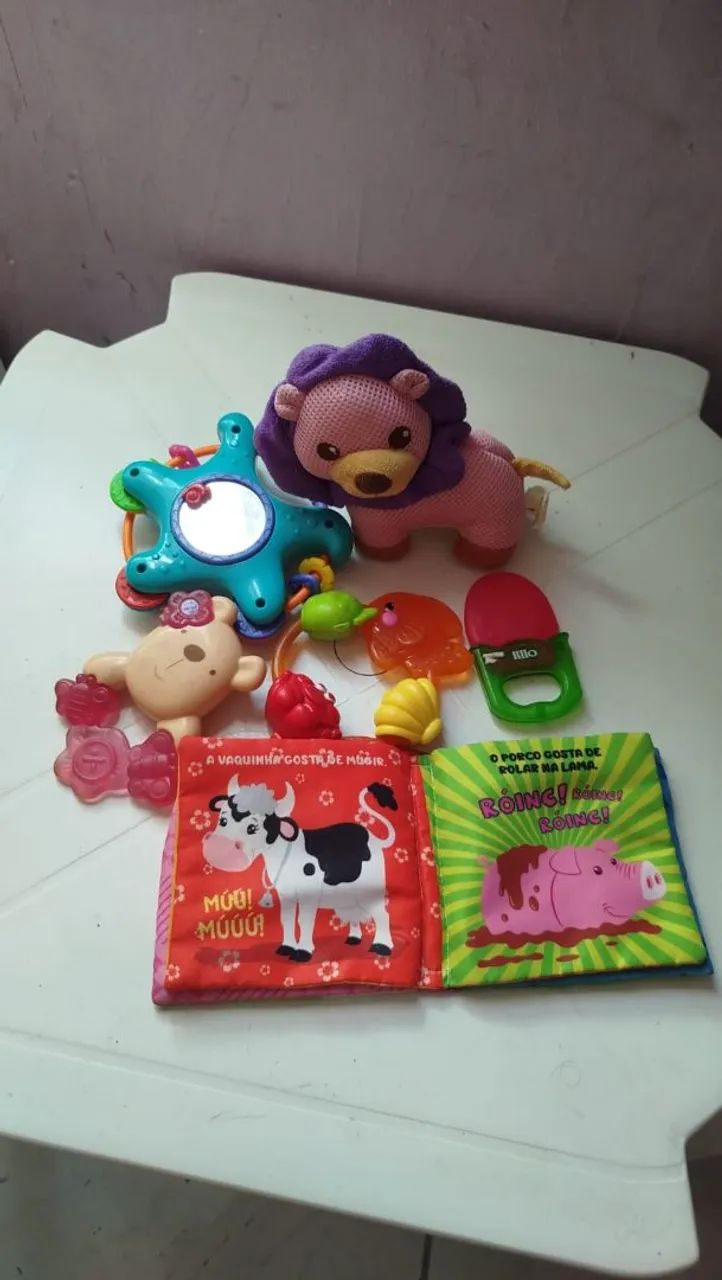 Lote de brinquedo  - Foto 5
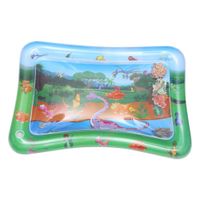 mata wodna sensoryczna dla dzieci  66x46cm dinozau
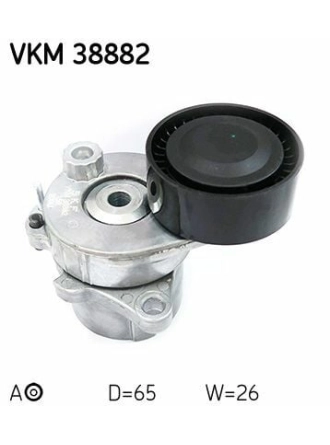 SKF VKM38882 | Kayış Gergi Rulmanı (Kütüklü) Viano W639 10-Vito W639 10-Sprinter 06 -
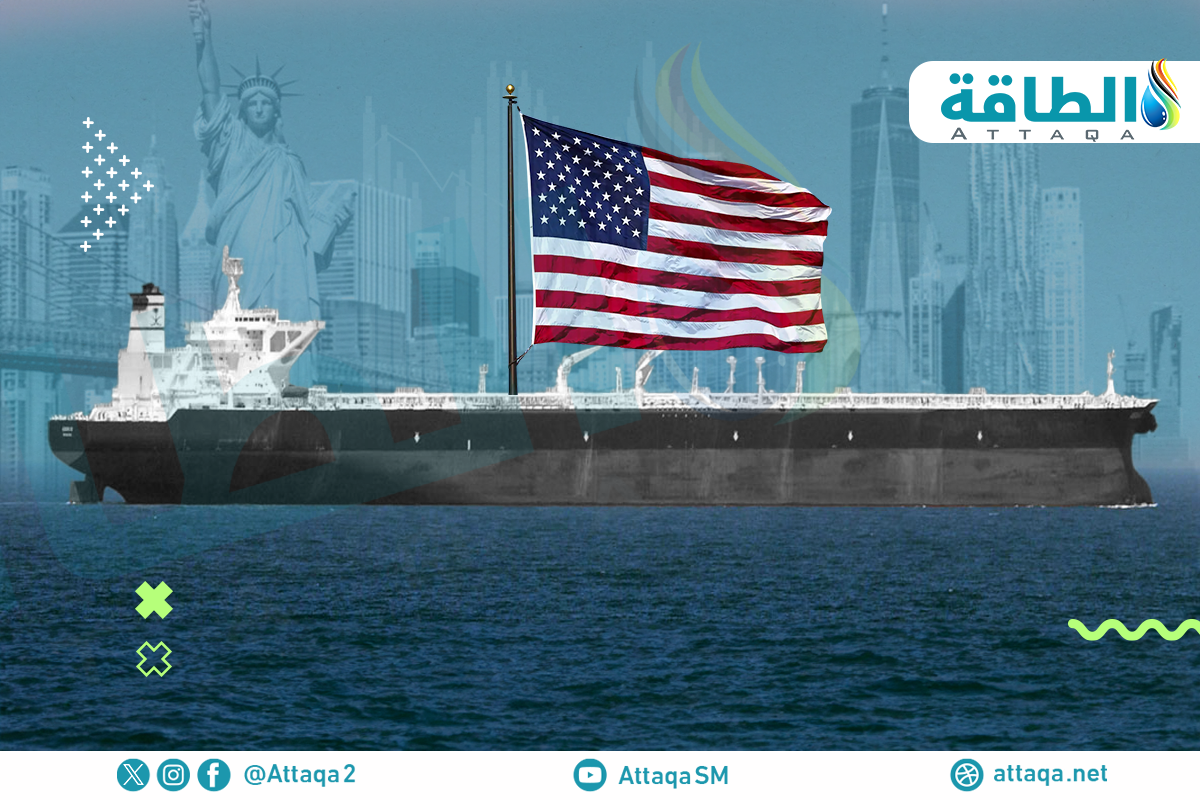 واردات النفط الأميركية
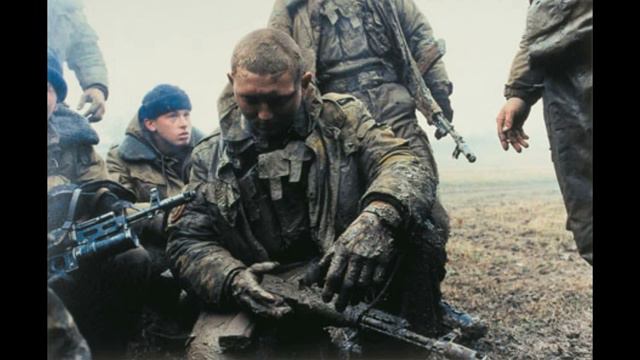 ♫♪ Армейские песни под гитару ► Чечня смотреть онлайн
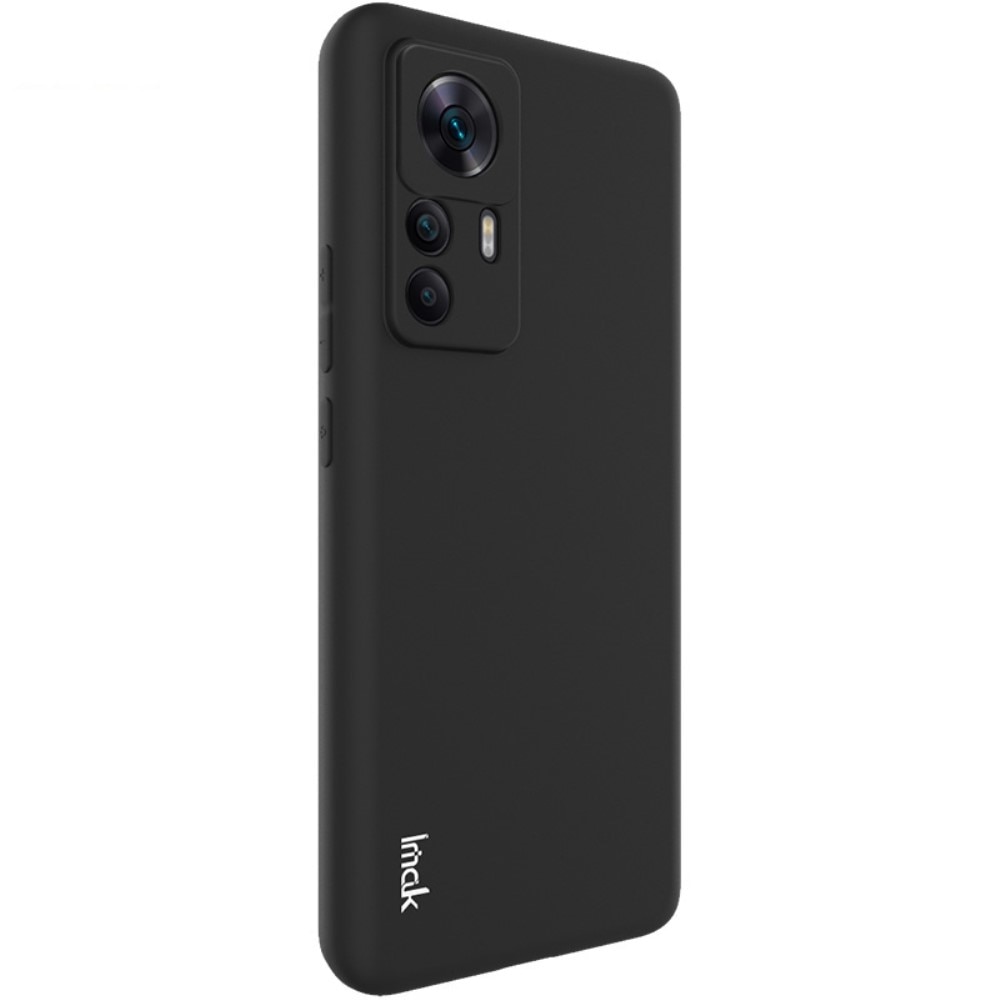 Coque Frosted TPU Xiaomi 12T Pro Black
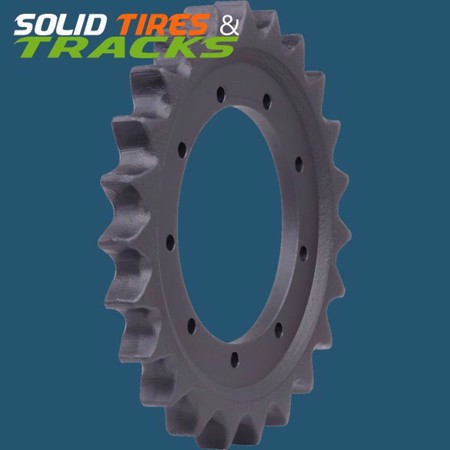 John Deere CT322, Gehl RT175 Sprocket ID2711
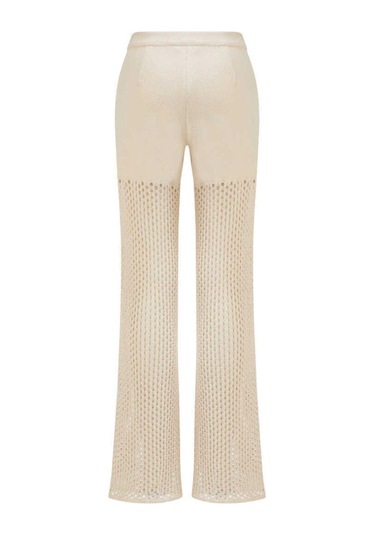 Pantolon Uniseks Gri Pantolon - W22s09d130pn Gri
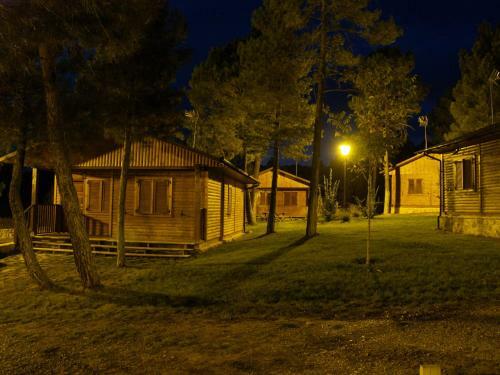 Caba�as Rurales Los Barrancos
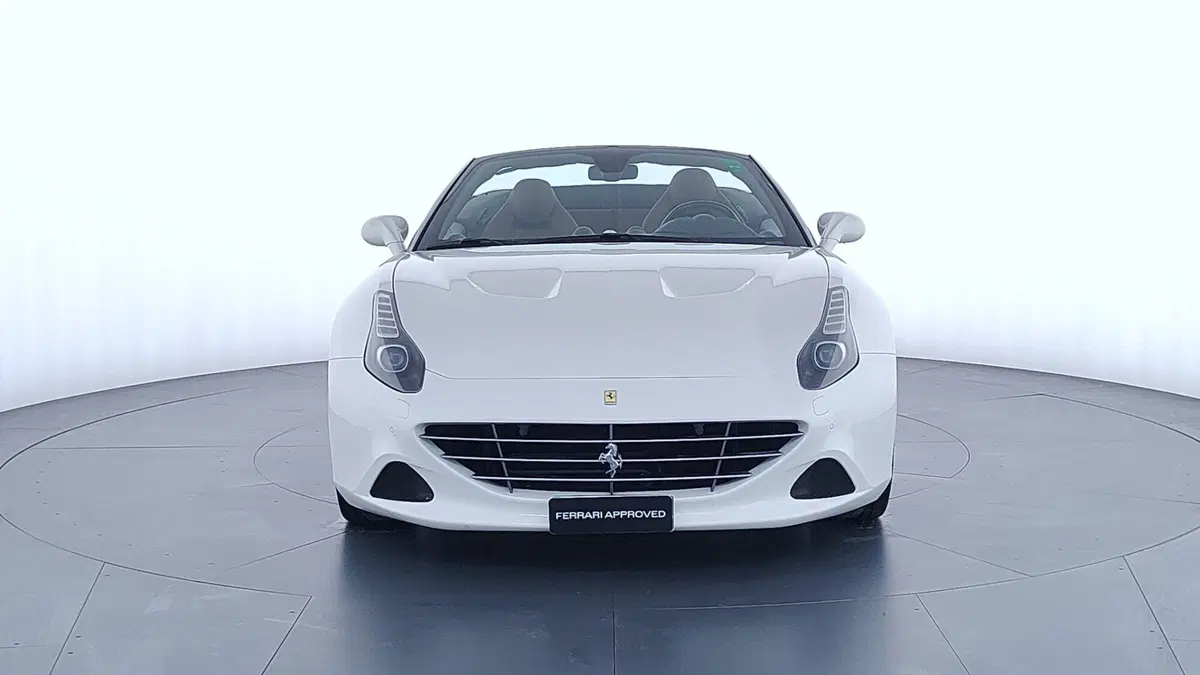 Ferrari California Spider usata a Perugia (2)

● About this exercise
Without any of the pictures, reproduce the listing above exactly.

● Exercise solution
 Lote de brinquedo  - Foto 5
 mata wodna sensoryczna dla dzieci  66x46cm dinozau
 SKF VKM38882 | Kayış Gergi Rulmanı (Kütüklü) Viano W639 10-Vito W639 10-Sprinter 06 -
 واردات النفط الأميركية
 ♫♪ Армейские песни под гитару ► Чечня смотреть онлайн
 Coque Frosted TPU Xiaomi 12T Pro Black
 John Deere CT322, Gehl RT175 Sprocket ID2711
 Pantolon Uniseks Gri Pantolon - W22s09d130pn Gri
 Caba�as Rurales Los Barrancos
 Ferrari California Spider usata a Perugia (2)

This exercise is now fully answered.